Honduran Mahogany

Mahogany is a medium-lightweight wood, ranging in color from light brown to dark. It has a balanced, resonant tone with notable sustain. Mahogany delivers a thick bottom end, rich midrange, and controlled, warm top end.

Honduran mahogany (Swietenia macrophylla) trees prefer basking in the sunshine; they can tolerate a bit of shade, but they’re happiest and healthiest when their leaves have unfettered access to sunlight. The tree that supplied your tonewood probably grew in a low-elevation rainforest, in a bright, sunny location, in dry, well-drained soil, surrounded by other mahogany trees, possibly near a river or stream. Honduran mahogany trees are large, fast-growing, long-lived trees – in the wild they can live for a couple of centuries – so they make a great long-term habitat for height-loving animals and insects that live high in forest canopy.

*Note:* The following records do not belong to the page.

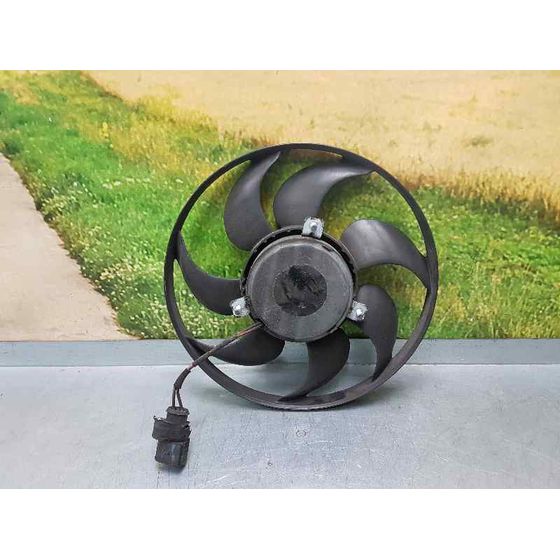 Electroventilador Para Volkswagen Golf V Berlina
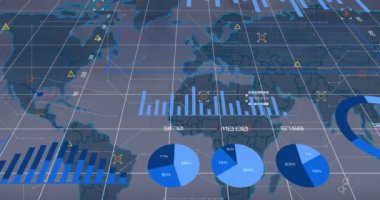Dünya haritasında gökyüzündeki bulutlara karşı istatistiksel veri işleme animasyonu. Küresel iş ve bulut veri depolama teknolojisi kavramı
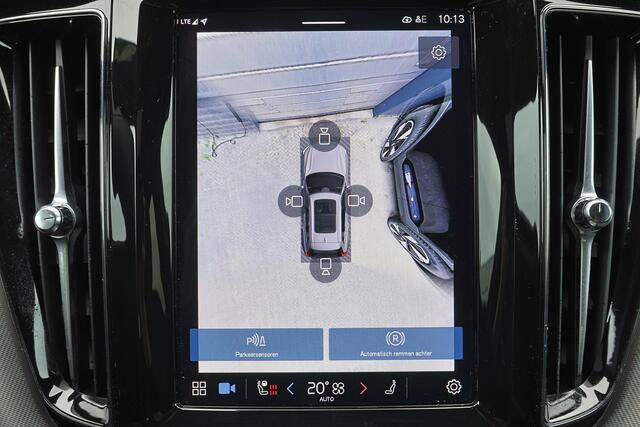 Volvo XC60 T6 Recharge AWD Plus Black Edition - LONG RANGE - Luchtvering - Panorama/schuifdak - IntelliSafe Assist & Surround - 360º Camera - Adaptieve LED koplampen - Verwarmde voorstoelen, stuur & achterbank - Parkeersensoren voor & achter - Elektr. bedienb. voors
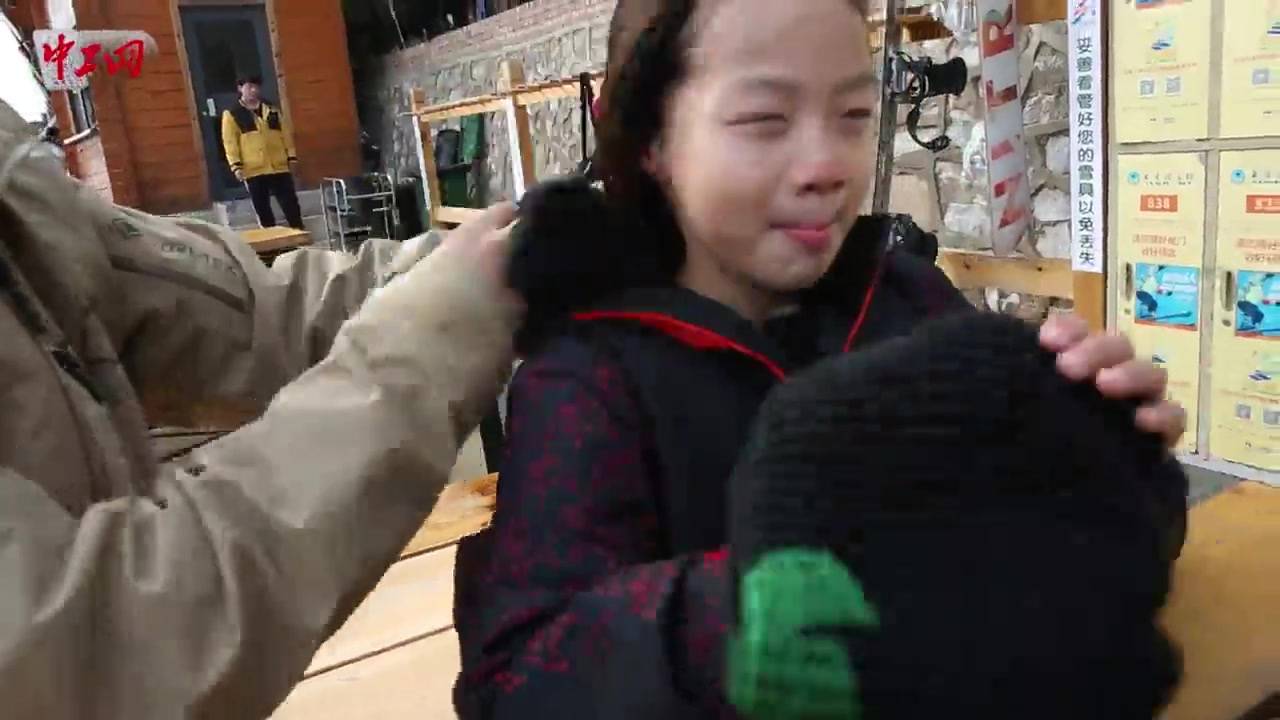 #职爱冬奥#【雪场飞驰的“小蜗牛”】王秋为的小名叫小蜗牛,这个7岁男孩因单板滑雪短视频走红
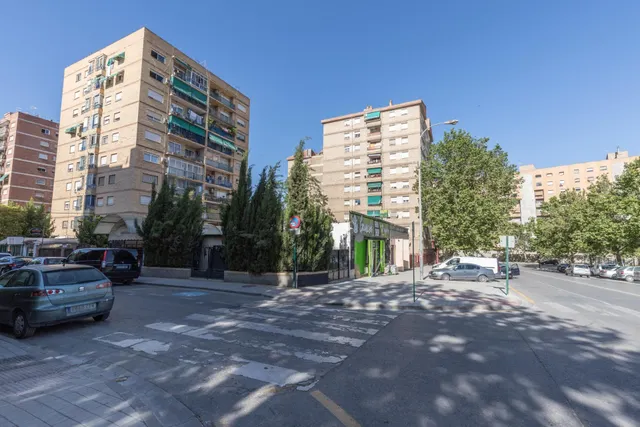 Piso reformado con terraza y vistas a sierra nevada — 36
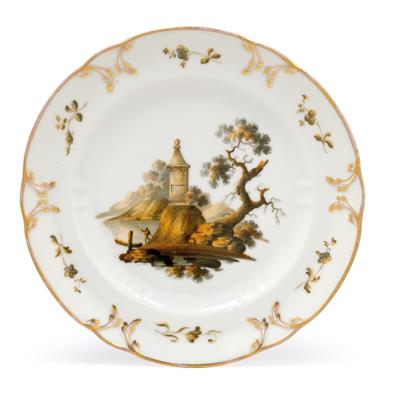 A Russian plate, - Works of Art (Furniture, Sculptures, Glass, Porcelain)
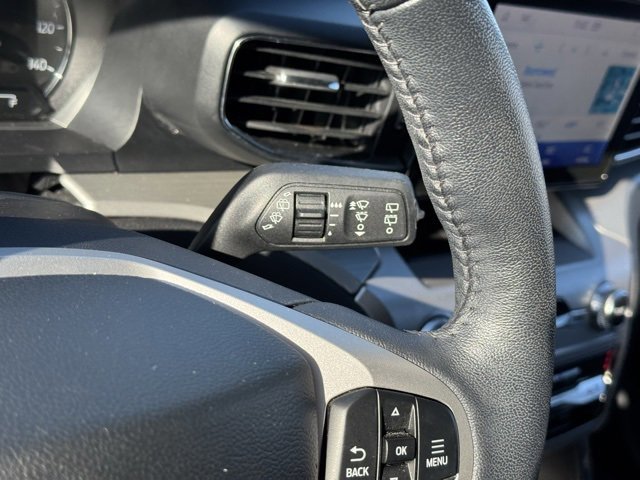 Certified 2022 Ford Explorer XLT w/ Equipment Group 202A image 35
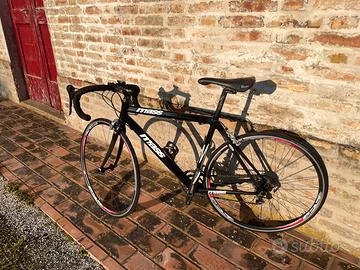 Bici da Corsa MASS Carbonio  Shimano Ultegra 10v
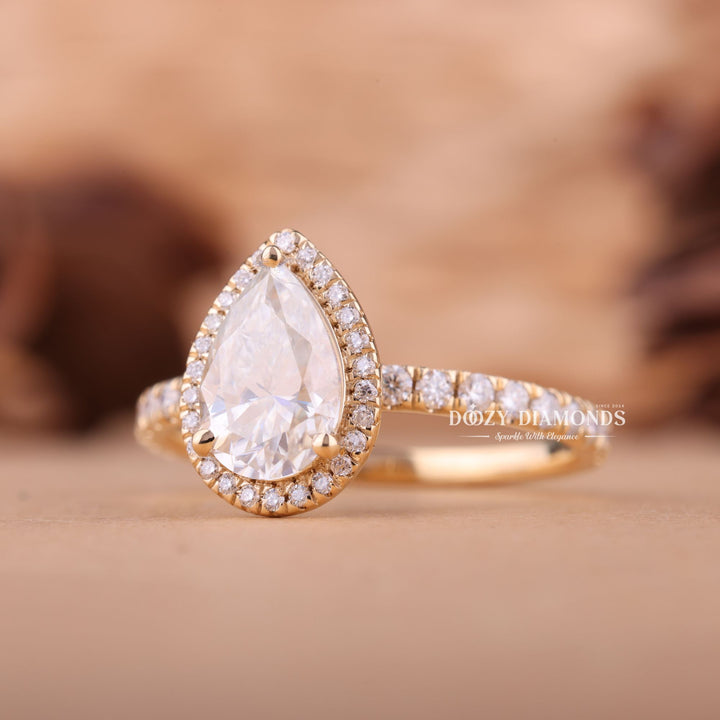 1.50CT-2.50CT Pear E/VS2 Lab Created Diamond Halo Engagement Ring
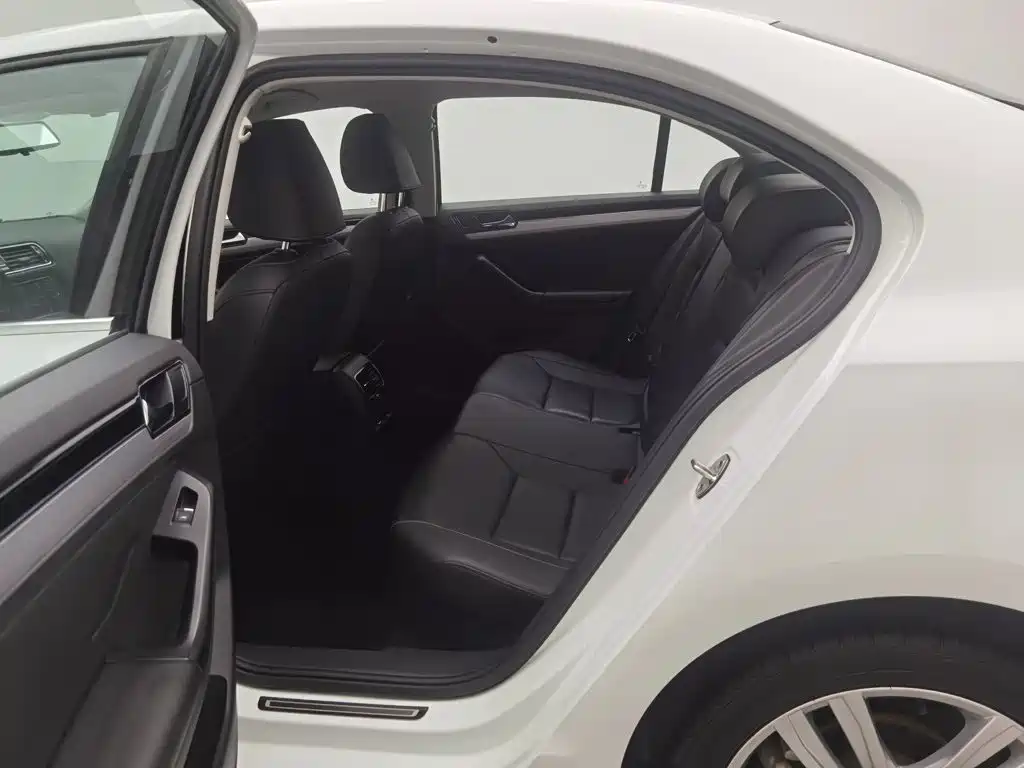 Volkswagen Sagitar — миниатюра 15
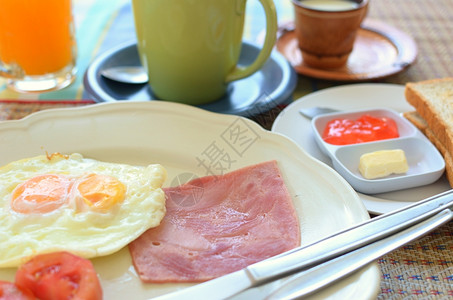 传统早餐培根和鸡蛋图片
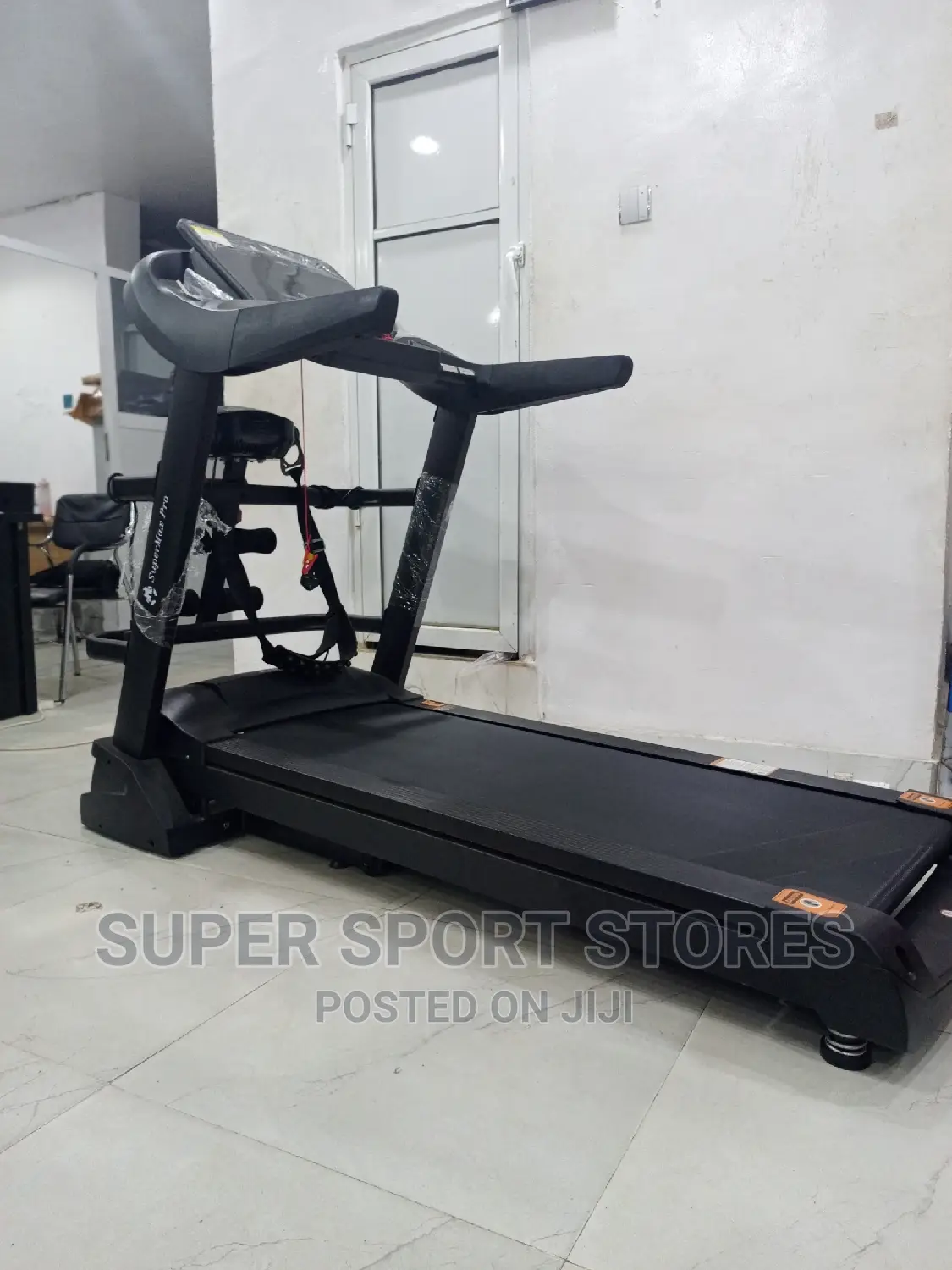 Supermax 4hp Treadmill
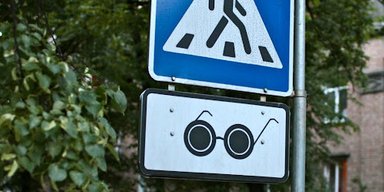 "Не может быть": что на самом деле изображено на дорожном знаке "пешеходный переход" (фото)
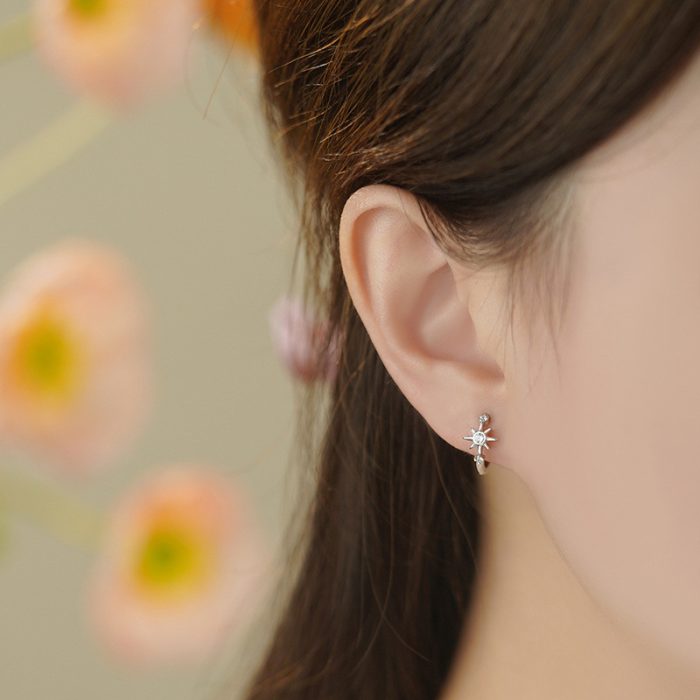925 Sterling Silver Asymmetric Star Hoop Earrings - Image 3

The flowers and fruits of the woody, vining plants that crawl up their trunks help sustain the canopy-dwelling creatures. These majestic trees provide shelter for birds like toucans and macaws, and pollen and nectar for bees and a wide variety of small butterflies. The fruit from these trees can be a meal for large parrots (while on the tree) and for tropical rodents like pacas and cutias (when the seeds fall to the ground). Honduran mahogany seedlings and saplings also support the rainforest ecosystem, including creepy crawly winged things – one species of moth has no other known food source.